China's consumer prices, repeating their July performance, climbed 5.3 percent year-on-year in August, putting more pressure on the central bank to raise Renminbi interest rates for the first time in nine years.
Higher food and public utility prices during the month kept the consumer price index (CPI) -- policy-makers' key inflation gauge -- at a relatively high level, said Qi Jingmei, an economist with the State Information Center (SIC).
Prices for public utilities such as water, electricity and fuel rose 9.6 percent year-on-year in August, according to the National Bureau of Statistics. Grain prices jumped 31.8 percent while egg prices increased 30.3 percent. Prices for fresh vegetables edged up 5.8 percent year-on-year.
Governor Zhou Xiaochuan said last week that the central bank would decide whether to raise the interest rate or to resort to other tightening measures after the National Bureau of Statistics released major economic figures in August.
The figures, however, are mixed. Growth in fixed asset investment and money supply slowed in August, but the industrial output growth picked up.
Niu Li, also a SIC economist, said the government should keep a close watch on prices, because the upward pressure is already great.
International oil prices rose as high as US$49 per barrel during the past few weeks.
"There are also signs that raw material prices may rebound," said Niu.
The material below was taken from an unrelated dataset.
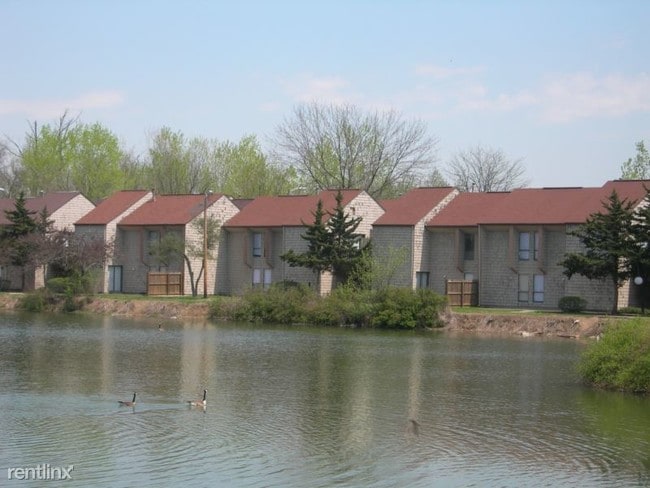 Building Photo - 2400 Shore Blvd E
The rising CPI has already put consumer savings into negative interest rate territory, which can lower consumer expectations for the future. A recent survey by the People's Bank of China -- the central bank -- indicates that public satisfaction with current consumer prices is at its lowest level since 1999.
The negative interest rate also leads to a decline in bank deposits.
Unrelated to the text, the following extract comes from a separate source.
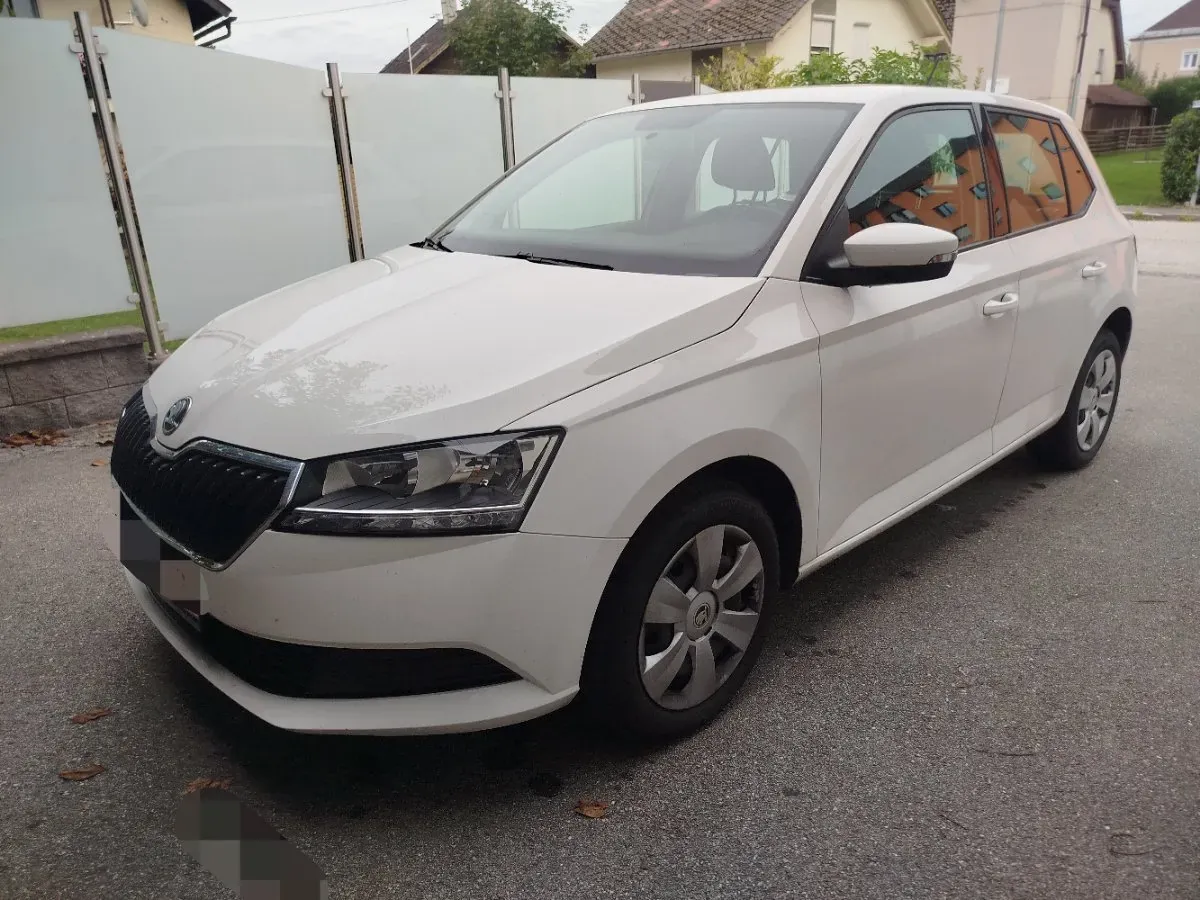 Skoda Fabia 2021 photo 2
Many analysts and economists believe that the government should raise the Renminbi interest rate to increase consumer confidence.
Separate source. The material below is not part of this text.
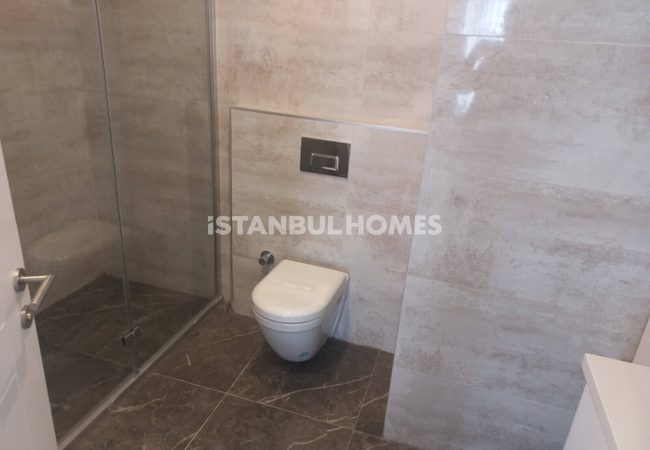 Flats in a Complex with a Pool in Buyukcekmece 9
Ba Shusong, a senior financial analyst from the State Council's Development Research Center, believes the time has come for China to make the move.
"The detailed methods can cover many areas, for instance, adjusting interest rates to a certain level, giving the market a role in deciding the rates and continuing to expand interest rate fluctuation margins."
Meanwhile, Premier Wen Jiabao told a meeting of the State Council on Monday that the government should continue to control credit growth and the use of land for new projects strictly to prevent further economic overheating.
Growth in fixed asset investment and loans -- two key indicators that policy-makers have been watching for the impact of the cooling measures -- has been declining.
"It proves that our policies and measures are correct and effective," said Wen. "The policies should be stable."
M2, a major measurement of money supply and a key indicator of credit growth, grew 13.6 percent year-on-year by the end of August, the People's Bank of China announced Monday. This compares to 16.2 percent at the end of June and at the end of last year, and 15.3 percent in July.
Figures for August investment growth have yet to be officially released, but National Bureau of Statistics spokesman Yao Jingyuan was quoted by Reuters as saying that fixed asset investment grew 26.3 percent year-on-year. This compares with 31.1 percent in July and 28.6 percent for the first six months of the year.
Wen said that the essence of this round of macro-control is to adjust the economic structure and correct unhealthy systems and mechanisms. A combination of economic, legal and administrative measures is being used to solve these problems.
But the government did not implement the measures across the board; rather, it suppressed some sectors while supporting others, Wen said.
While controlling investment in some industries, the government actually increased its input into agriculture, considered a weak point at the moment. Steel, aluminum and cement are among the problem sectors that the government has named for excessive investment. Investment in these sectors has been strictly controlled.
"We should pay special attention to reforms that correct defects in the economic systems and mechanisms to consolidate the achievements of the macroeconomic control and adjustment," Wen said.
Tight control of land use and credit is key to controlling fixed asset investment, he asserted.
The State Council members called for the improvement of the land management system and the establishment of a clear responsibility system.
They also said money supply and credit growth should be kept within a reasonable range.